# PerfectNS demo

This notebook demonstrates the basic functionality of the PerfectNS module; for background see the README and the dynamic nested sampling paper [(Higson, 2017a)](https://arxiv.org/abs/1704.03459).

### Running nested sampling calculations

The likelihood $\mathcal{L}(\theta)$, prior $\pi(\theta)$ and calculation settings are specified in a PerfectNSSettings object.
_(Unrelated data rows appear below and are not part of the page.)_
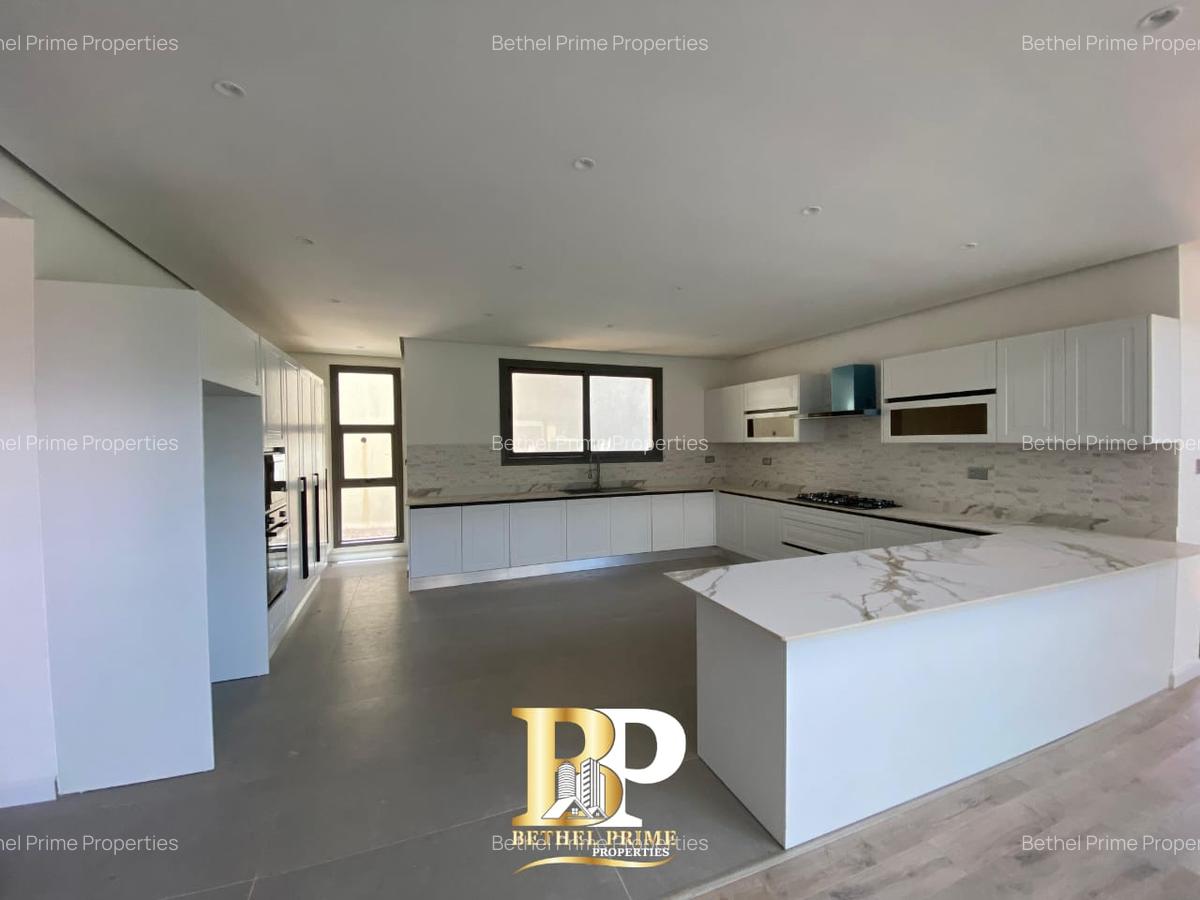 5 Bed Townhouse with En Suite in Lavington - 2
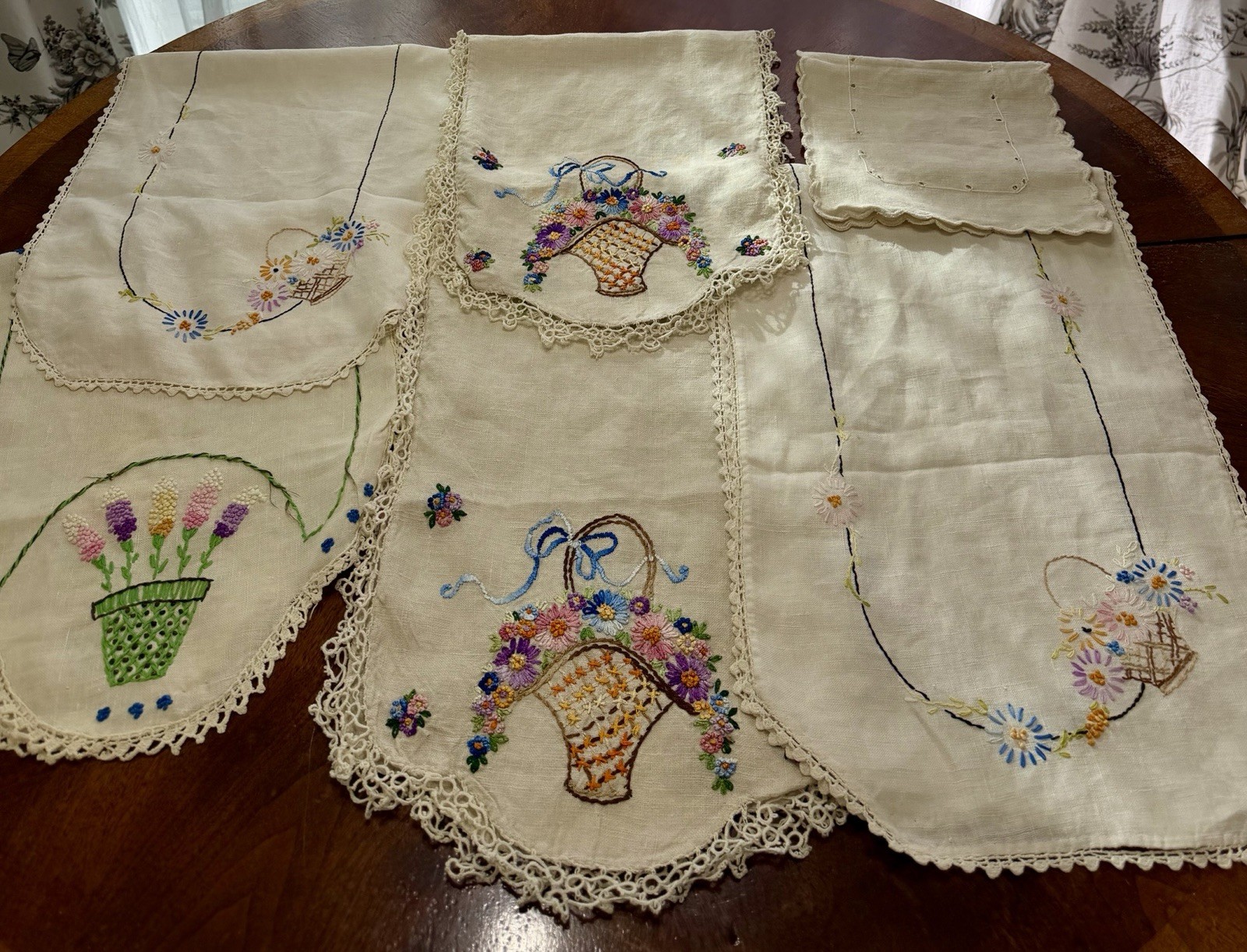 6 Vintage Embroidered Table Runners 6 Vintage Embroidered Table Runners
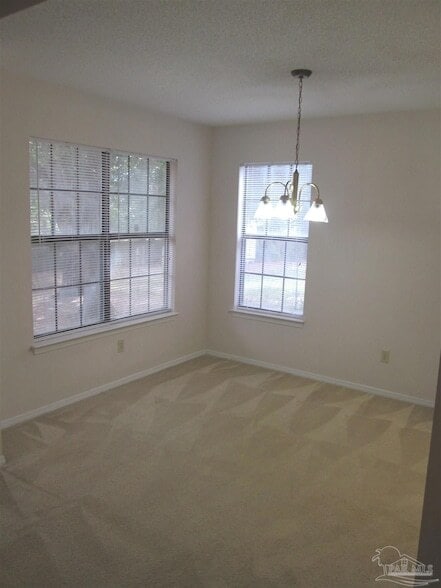 Building Photo - 6734 Bellview Pines Rd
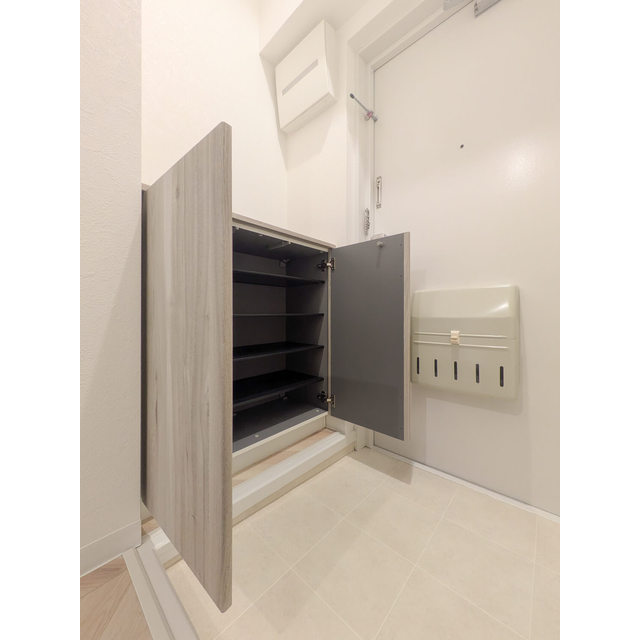 折井コーポ102号室 内観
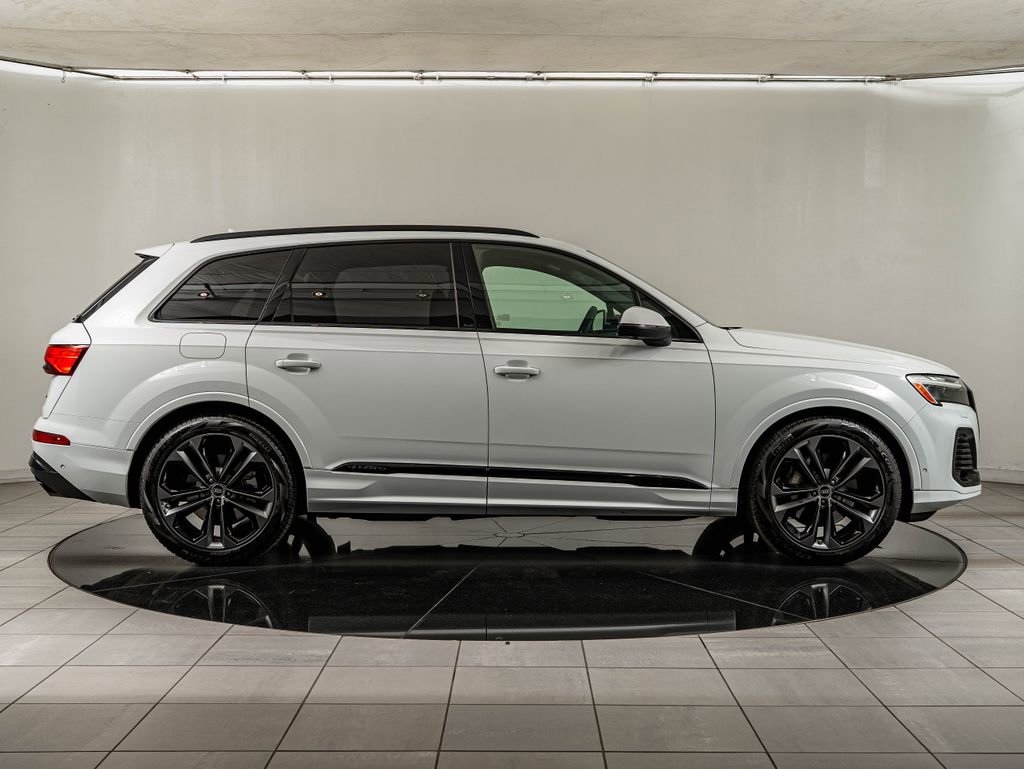 Used 2025 Audi Q7 3.0T Premium Plus w/ Premium Plus Package image 4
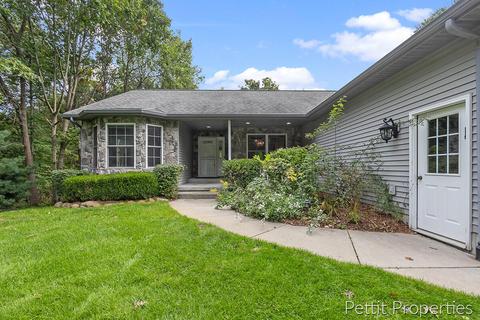 7144 Riverwood Dr, Belding, MI 48809 photo 3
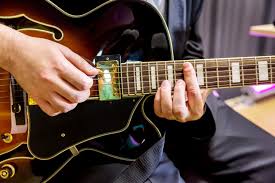 In jazz discussions, the saxophonists and the trumpeters generally dominate the conversation, and rightly so. 6 Steps To Learning Jazz Guitar Improvisation Musical U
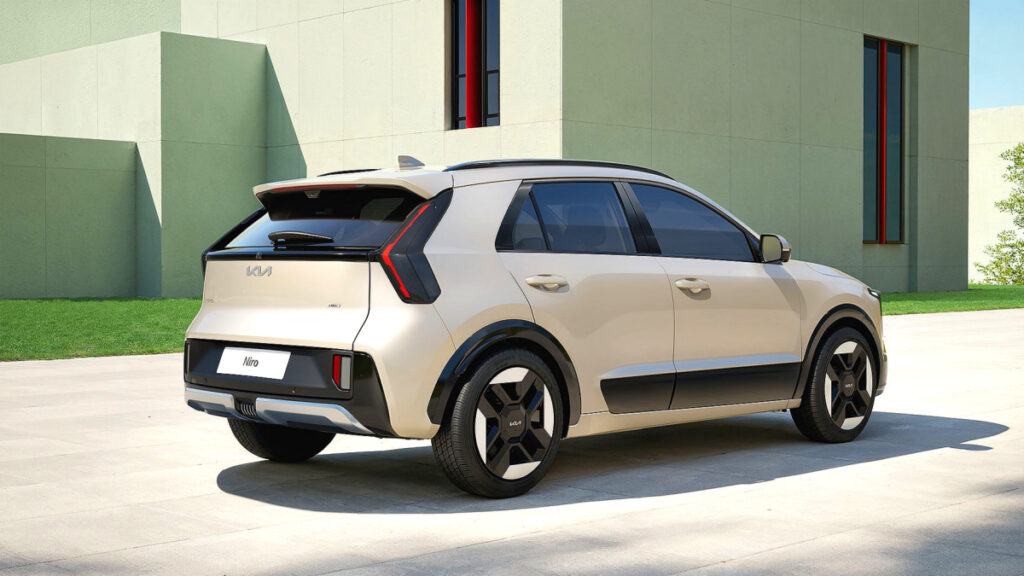 kia-the-new-niro-launch-hybrid-suv-fuel-efficiency (5)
For this example we will use a 10-dimensional spherically symmetric Gaussian likelihood with size $\sigma_\mathcal{L}=1$ and a Gaussian prior with size $\sigma_{\pi}=10$.

In [5]:
import PerfectNS.settings
import PerfectNS.likelihoods as likelihoods
import PerfectNS.priors as priors

# Input settings
settings = PerfectNS.settings.PerfectNSSettings()
settings.likelihood = likelihoods.gaussian(likelihood_scale=1)
settings.prior = priors.gaussian(prior_scale=10)
settings.n_dim = 10

The "dynamic_goal" setting determines if dynamic nested sampling should be used and, if so, how to split the computational effort between increasing parameter estimation accuracy and evidence calculation accuracy. dynamic_goal=1 optimises purely for parameter estimation and dynamic_goal=0 optimises purely for calculating the Bayesian evidence $\mathcal{Z}$.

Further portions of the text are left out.